Although Brazilian companies have invested a relatively modest $10bn or so since 2003, that total will probably rise sharply. The government is driving hard to persuade Brazilian companies to expand in Africa, especially since Mr Lula da Silva took office in 2003.

Brazil’s network of embassies on the continent has been expanded and dozens of business leaders have accompanied Mr Lula da Silva on his trips. The president’s stock in Africa is high, so much so that in July last year the African Union made him a guest of honour at its meeting in Libya.

Analysts at Standard Bank in Johannesburg argue there is a neat fit between Brazil’s resources and food industry expertise and the opportunities offered by Angola. And they argue that climate change could increase the value of Brazil’s African investments.
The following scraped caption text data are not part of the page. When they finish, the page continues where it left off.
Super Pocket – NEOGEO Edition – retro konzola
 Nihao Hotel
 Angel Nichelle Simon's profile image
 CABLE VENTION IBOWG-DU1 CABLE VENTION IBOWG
Because warmer weather could reduce the amount of cultivable land at home, food and ethanol producers could become more interested in expanding into Africa, especially countries such as Angola where land is plentiful.

“Brazil is positioning itself to be Africa’s prime partner in its vital quest for greater energy and food security,” says Jeremy Stevens, joint author of a recent research report.

Certainly for Brazil’s multinationals, the attractions are clear.

“The thing about Africa is that sooner or later it will become a reality,” said Roger Agnelli, president and chief executive of Vale.

“Africa is the future of the world’s natural resources, along with South America.”


Building Brics

In the race for African passport stamps, Luiz Inácio Lula da Silva, president of Brazil has nosed ahead of Hu Jintao, president of China, having visited 19 African countries in eight trips since coming to power in 2003, writes Jack Farchy in London .

But in economic terms Africa’s relationship with China remains its most significant among the emerging Bric nations (Brazil, Russia, India and China).

The value of trade between Africa and China jumped to $107bn in 2008, from $4.1bn in 1992, making it the continent’s second-largest trade partner after the US, Chinese companies have been investing aggressively in African natural resources, especially oil.

As a bloc, Bric trade with Africa has increased as a proportion of all the continent’s trade from 4.6 per cent in 1993 to more than 19 per cent in 2008. Economists at Standard Bank estimate that by 2030 almost 50 per cent of Africa’s trade will be with the Brics.